The disc golf club is going to be heading to North Cove, North Carolina to compete at the College Disc Golf National Championship from April 2 to April 10. DeBruin said the local community plays a large role in the opportunities of the club.
“The Throw Shop is a local disc golf shop which has provided support to help send a team from the club to the championship and wants to continue to support the growth of disc golf at the University of Michigan,” DeBruin said. “The disc golf community is amazing, and one of the best parts of the club is getting to merge students and the disc golf community.”
The Parkour Club at the University has spent the last 12 years teaching people the new sport of parkour — the sport of traversing environmental obstacles by running, climbing or leaping rapidly and efficiently. Rackham students Khalil Bryant and Ina Gjoka have been a part of the club since they were undergraduates. Bryant said the club brings people with common goals together.
“In the most simple terms, we’re kind of just a big group of people who train together,” Bryant said. “(We are) a bunch of people who like to become more agile and learn to train over obstacles and learn to get stronger.”
Part of the Parkour Club’s mission is to explore new options of movements in urban environments and develop physical and mental strength through the movements. Gjoka said one of the most rewarding aspects of the club is learning new skills with the people around her.
“There’s moments where either you’re training hard on something or someone else is really trying to get a move,” Gjoka said. “The moment when they finally get it — that’s exciting in any sport.”
The Parkour Club holds three voluntary practices every week and practices around campus to improve aspects of their movements and to strengthen their skills. Bryant said he joined the club because he always did the movement of parkour and thought there would be a club for it here.
“As a child, I was always jumping and climbing things. I kind of just never stopped,” Bryant said. “I didn’t know it was called that (parkour) until like high school. And then, when I first came here, the whole idea was like, ‘oh, there’s a club for everything’. So I was like, ‘Okay, there’s probably one for parkour.”
The Backpacking Club at the University works to bring together avid backpackers and those who are interested in backpacking. The club has two major trips, one over Fall Break and the other during Spring Break. LSA junior John Secrest said he had a great experience traveling to Big Bend National Park in Texas during Spring Break earlier this year.
“The sights were incredible, and the weather was very nice for our Spring Break,” Secrest said. “So the climate, it was just perfect.”
Though the club offers opportunities for students with limited backpacking experience to explore and better understand the sport, Secrest said his previous backpacking experiences encouraged him to continue the sport throughout college.
“I chose to join because I had had some experience hiking and some minor backpacking experience in places throughout Michigan,” Secrest said. “I wanted to continue to do that while also obviously being a student.

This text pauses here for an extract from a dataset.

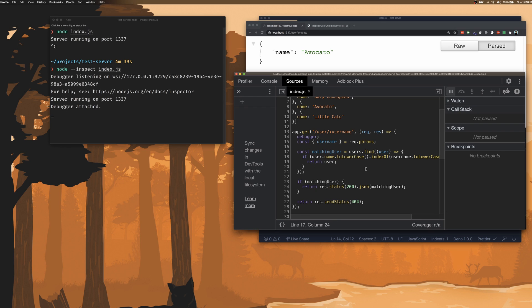So this is how you can connect Node to the Chrome dev tools to debug your code or inspect your code with a lot more granularity instead of having to use console logs all over the place.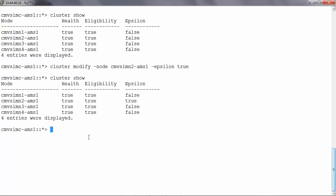Another way to fix this problem is to make the eligibility of the node as false. Please note that making the eligibility as false will make the node's data inaccessible. This is only recommended when the node in question needs maintenance.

So I thought joining the club would be a good way to actually make sure that I made time to commit to participating in backpacking.”
Besides the trips the club offers, it also fosters a community for people like Secrest to meet like-minded people who enjoy backpacking.

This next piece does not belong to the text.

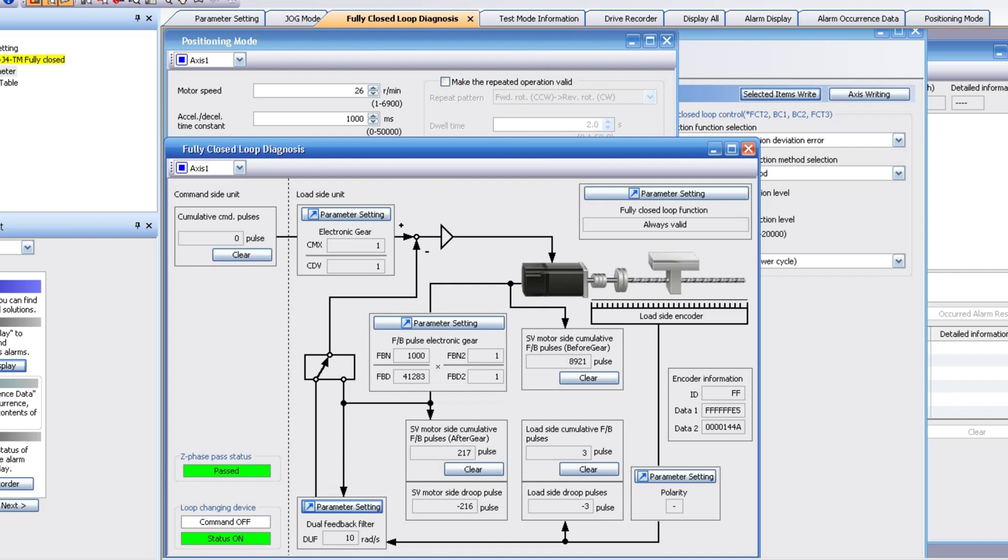Then it'll have a droop of zero, meaning it's going to be exactly at the position you want to be. I suspect in order to get this to perform even better, I would have to replace the belt system and drive the axis directly.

“I would just say like the day-to-day interactions with other people who are interested in the club, that’s pretty fulfilling to me,” Secrest said. “I just think in general being able to be with other people who are also very into what we’re trying to do is really fun.”
Editor’s note: Daily Staff Reporter Riley Hodder is a member of the Quidditch Team. Hodder did not participate in the writing of this article. Daily Staff Reporter Eli Friedman is a member of the Ultimate Frisbee team. He did not participate in the writing of this article.